Next, we measured the expression difference of SNORD89 in HOSEpiC, OV and OS cells by quantitative real-time PCR (qRT-PCR) and reverse transcription PCR (RT-PCR). qRT-PCR results showed that SNORD89 expression was up-regulated 2.38 ± 0.29-fold in OS vs HOSEpiC cells, and 5.93 ± 0.53-fold in OS vs OV cells (Fig. 2c). And the increased expression of SNORD89 was also observed by RT-PCR (Fig. 2d). The data suggest that SNORD89 upregulated in OS versus OV and HOSEpiC.
Effects of SNORD89 interference on the stemness of ovarian cancer cells
We compared the expression of genes associated with stemness in OV and OS by qRT-PCR. The expression levels of CD133, CD44, and Nanog were increased by 3.32 ± 0.48, 7.11 ± 0.90 and 6.78 ± 1.10-fold in OS cells relative to OV cells, respectively (Fig. 3a). Also, RT-PCR and agarose gel electrophoresis showed the higher exprssion of CD44 and Nanog in OS cells (Fig. 3b). Additionally, we observed that the CD133 positive cells were significantly increased in OS than those in OV by flow cytometry analysis (Fig. 3c).
To investigate whether the SNORD89 interference affects the stemness of ovarian cancer cells, we first examined the SNORD89 expression in OV cells transfected with over expression plasmid (OE) of SNORD89 and in OS cells transfected with silent plasmid (shRNA) of SNORD89 for 24, 48, and 72 h, respectively. The qRT-PCR analysis showed that the SNORD89 overexpression in OV and CA cells was the most efficient at 24 h’ transfection (3.81 ± 0.28-fold than NC in OV cells and 20.65 ± 1.195-fold than NC in CA cells, Fig. 3d and Additional file 5: Figure S4a). And the most silence efficiency of three shRNA (shRNA-1, shRNA-2, shRNA-3) was 0.255 ± 0.08, 0.56 ± 0.05 and 0.70 ± 0.04 at 48 h in OS cells (Fig. 3e).

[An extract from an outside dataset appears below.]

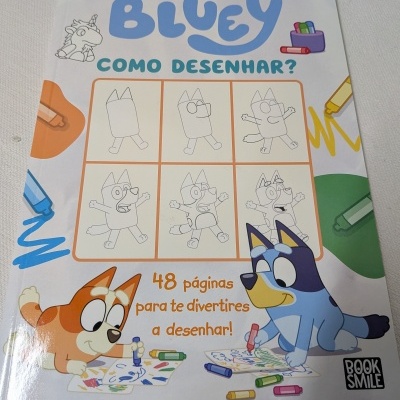 Capa de livro infantil Bluey Como Desenhar? com desenhos e personagens coloridas e texto explicativo.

Next, we examined the changes of stemness genes in OE-transfected OV cells at 24 h, and in shRNA-transfected OS cells at 48 h. We found that the expression of CD133, CD44, and Nanog was increased by 4.28 ± 0.48, 4.58 ± 0.28 and 1.90 ± 0.49-fold in OE group than NC group in OV cells by qRT-PCR (Fig. 3f), and increased by 1.80 ± 0.25, 1.40 ± 0.11 and 1.47 ± 0.09-fold in OE group than NC group in CA cells by qRT-PCR (Additional file 5: Figure S4b). RT-PCR and agarose gel electrophoresis also verified the elevated expression of CD44 and Nanog (Fig. 3g). The flow cytometry analysis showed the higher CD133 positive cells in OE group (Fig. 3h). Consistantly, the silence of SNORD89 with shRNA-1 and shRNA-2 at 48 h notably decreased the expression of CD44 and Nanog in OS cells by qRT-PCR (Fig. 3i) and RT-PCR and agarose gel electrophoresis (Fig. 3j). The flow cytometry analysis showed the decreased CD133 in OS cells transfected with SNORD89 silence plasmids (Fig. 3k). These data suggest that SNORD89 can increase the expression of stemness genes in ovarian cancer cells.
Effects of SNORD89 interference on cell proliferation and self-renewal ability of ovarian cancer cells
We analyzed the expression correlation of SNORD89 with other genes using the data from ovarian cancer patients in TCGA, and found that the expression level of SNORD89 was related to some genes of cell cycle checkpoint and cell cycle arrest (Fig. 4a). So, we suspected that the interference of SNORD89 expression may affect cell cycle. And we examined the changes of cell cycle phases in OV and OS cells after interfering the expression of SNORD89. The flow cytometry analysis showed the proportion of S phase was obviously increased in OV cells transfected with SNORD89 OE plasmids (Fig. 4b). Conversely, the proportion of S phase was obviously decreased in OS cells transfected with shRNA-1 and shRNA-2, while the proportion of G2 phase was raised (Fig. 4c). These results indicated that SNORD89 may have an effect on cell proliferation in ovarian cancer.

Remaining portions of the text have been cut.